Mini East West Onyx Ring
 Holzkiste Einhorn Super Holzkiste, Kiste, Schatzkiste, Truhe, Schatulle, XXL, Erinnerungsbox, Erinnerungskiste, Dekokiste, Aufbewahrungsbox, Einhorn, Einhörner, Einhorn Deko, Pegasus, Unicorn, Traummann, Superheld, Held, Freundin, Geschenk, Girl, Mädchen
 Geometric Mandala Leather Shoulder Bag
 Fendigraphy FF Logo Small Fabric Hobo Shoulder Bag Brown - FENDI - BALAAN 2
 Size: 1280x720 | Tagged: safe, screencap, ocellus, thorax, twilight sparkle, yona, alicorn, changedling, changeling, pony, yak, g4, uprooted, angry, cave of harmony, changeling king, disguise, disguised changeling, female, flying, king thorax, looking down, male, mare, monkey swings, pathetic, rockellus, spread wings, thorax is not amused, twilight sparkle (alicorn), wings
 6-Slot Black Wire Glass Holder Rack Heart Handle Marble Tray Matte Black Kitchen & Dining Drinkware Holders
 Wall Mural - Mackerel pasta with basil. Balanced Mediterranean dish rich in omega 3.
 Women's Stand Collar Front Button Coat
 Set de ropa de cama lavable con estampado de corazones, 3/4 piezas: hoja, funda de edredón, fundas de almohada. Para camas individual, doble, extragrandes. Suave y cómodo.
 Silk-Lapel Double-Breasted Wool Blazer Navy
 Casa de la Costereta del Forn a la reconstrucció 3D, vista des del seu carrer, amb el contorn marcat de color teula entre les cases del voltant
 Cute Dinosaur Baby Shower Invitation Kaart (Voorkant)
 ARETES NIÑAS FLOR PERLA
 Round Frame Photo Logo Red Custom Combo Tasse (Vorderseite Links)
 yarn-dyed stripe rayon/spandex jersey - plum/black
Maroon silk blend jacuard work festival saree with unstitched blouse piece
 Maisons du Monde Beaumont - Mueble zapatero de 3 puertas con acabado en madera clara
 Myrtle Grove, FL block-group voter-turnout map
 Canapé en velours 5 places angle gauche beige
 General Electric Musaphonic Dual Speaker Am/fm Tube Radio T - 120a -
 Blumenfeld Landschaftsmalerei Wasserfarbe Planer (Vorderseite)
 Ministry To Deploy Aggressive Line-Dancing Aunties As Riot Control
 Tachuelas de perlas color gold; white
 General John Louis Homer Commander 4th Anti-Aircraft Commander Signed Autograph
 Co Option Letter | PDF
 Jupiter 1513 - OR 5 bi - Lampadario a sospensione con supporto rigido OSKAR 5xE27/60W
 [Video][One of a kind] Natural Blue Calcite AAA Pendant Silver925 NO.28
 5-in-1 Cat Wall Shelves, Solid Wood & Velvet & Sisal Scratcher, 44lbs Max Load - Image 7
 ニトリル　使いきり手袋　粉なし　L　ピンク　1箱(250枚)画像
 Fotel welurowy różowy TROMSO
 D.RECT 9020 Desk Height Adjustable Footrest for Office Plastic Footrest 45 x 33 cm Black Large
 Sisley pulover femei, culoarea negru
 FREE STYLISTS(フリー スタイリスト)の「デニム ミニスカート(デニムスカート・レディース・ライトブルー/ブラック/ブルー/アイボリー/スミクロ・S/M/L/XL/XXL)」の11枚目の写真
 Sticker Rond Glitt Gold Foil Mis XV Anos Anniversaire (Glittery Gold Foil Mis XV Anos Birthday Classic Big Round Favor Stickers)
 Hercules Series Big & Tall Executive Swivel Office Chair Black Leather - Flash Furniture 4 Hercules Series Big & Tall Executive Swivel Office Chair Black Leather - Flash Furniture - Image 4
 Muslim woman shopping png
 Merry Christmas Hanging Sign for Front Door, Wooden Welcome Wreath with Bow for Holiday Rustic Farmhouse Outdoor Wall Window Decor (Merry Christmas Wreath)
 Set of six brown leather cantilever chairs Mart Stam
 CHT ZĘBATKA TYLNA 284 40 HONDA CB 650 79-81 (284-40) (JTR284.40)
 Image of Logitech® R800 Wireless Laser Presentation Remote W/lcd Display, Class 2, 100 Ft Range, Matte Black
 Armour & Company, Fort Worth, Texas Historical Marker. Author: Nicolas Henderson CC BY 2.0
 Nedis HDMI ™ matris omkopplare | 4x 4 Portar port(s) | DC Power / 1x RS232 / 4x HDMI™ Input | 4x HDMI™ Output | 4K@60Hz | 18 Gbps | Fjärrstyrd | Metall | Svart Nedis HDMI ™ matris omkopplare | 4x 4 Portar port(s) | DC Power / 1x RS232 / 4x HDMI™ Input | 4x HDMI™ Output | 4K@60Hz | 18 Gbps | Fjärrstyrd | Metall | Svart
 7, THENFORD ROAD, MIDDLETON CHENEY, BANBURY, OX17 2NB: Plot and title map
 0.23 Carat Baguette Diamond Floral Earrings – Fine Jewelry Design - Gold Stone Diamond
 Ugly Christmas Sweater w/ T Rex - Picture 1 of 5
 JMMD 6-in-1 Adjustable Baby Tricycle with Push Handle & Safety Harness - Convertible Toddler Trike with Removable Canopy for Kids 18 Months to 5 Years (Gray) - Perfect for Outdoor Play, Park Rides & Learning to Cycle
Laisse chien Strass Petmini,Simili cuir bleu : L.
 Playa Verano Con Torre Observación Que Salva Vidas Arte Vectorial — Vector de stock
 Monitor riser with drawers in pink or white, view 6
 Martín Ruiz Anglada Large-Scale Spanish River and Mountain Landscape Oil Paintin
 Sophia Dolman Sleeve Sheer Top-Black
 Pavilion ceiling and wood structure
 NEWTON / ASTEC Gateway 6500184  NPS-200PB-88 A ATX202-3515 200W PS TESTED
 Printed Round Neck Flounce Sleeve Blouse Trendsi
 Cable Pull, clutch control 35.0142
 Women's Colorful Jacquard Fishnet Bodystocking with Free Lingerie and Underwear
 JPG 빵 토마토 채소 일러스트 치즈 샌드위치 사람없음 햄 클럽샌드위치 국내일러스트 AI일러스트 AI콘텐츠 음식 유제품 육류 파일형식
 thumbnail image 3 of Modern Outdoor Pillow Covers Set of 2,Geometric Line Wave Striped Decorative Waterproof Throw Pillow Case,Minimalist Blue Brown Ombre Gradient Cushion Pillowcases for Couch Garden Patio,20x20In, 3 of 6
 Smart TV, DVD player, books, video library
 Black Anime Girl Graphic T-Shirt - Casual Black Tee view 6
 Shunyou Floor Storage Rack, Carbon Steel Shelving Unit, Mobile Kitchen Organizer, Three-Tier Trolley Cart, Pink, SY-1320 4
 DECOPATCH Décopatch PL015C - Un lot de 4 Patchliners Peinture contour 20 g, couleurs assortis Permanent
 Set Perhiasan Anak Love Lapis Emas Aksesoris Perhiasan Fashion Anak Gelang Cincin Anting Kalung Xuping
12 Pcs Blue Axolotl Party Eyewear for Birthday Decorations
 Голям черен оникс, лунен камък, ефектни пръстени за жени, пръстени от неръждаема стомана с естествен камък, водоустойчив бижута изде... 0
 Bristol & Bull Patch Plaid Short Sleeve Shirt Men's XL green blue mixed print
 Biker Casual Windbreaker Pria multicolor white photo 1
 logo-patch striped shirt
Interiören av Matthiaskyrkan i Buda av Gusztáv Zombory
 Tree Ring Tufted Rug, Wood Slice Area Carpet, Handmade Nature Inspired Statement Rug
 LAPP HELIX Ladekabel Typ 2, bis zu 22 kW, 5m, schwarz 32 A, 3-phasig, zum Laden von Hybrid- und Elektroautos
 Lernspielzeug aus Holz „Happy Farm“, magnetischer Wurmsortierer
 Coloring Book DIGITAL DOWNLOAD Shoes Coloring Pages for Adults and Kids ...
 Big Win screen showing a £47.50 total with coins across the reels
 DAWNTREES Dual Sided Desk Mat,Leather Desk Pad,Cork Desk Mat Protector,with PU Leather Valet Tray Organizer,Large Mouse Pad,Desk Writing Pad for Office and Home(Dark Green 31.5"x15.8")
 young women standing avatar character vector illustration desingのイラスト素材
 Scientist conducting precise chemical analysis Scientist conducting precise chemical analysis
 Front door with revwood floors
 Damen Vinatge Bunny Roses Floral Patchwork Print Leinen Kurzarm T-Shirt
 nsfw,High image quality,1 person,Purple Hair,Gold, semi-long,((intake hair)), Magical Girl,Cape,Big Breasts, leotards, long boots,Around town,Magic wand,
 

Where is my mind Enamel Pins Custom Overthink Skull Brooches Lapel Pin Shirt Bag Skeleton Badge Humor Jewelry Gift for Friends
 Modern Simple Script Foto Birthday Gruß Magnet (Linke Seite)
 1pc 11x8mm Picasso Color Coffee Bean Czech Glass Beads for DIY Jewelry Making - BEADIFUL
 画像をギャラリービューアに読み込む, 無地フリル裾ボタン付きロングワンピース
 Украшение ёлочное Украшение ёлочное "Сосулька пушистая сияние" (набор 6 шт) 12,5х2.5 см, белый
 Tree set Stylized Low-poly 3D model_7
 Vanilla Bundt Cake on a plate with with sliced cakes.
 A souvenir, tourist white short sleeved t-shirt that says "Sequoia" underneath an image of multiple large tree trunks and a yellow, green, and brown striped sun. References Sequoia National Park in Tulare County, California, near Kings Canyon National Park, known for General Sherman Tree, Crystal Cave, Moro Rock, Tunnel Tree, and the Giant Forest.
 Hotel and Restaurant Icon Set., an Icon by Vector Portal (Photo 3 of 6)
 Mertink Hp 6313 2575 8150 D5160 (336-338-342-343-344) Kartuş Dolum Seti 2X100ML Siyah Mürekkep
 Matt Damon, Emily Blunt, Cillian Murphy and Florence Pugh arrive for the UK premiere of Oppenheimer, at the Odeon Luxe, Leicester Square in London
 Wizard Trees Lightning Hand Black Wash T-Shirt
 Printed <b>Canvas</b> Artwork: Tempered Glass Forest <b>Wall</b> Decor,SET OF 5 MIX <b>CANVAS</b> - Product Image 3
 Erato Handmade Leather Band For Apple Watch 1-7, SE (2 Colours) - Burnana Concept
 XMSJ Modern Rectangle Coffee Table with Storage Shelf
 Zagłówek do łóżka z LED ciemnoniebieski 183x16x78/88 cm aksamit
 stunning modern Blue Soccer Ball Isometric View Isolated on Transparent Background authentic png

= What this task involves =
The expected answer is every line in the data above that carries the string "Vorderseite".

= Result of this exercise =
 Round Frame Photo Logo Red Custom Combo Tasse (Vorderseite Links)
 Blumenfeld Landschaftsmalerei Wasserfarbe Planer (Vorderseite)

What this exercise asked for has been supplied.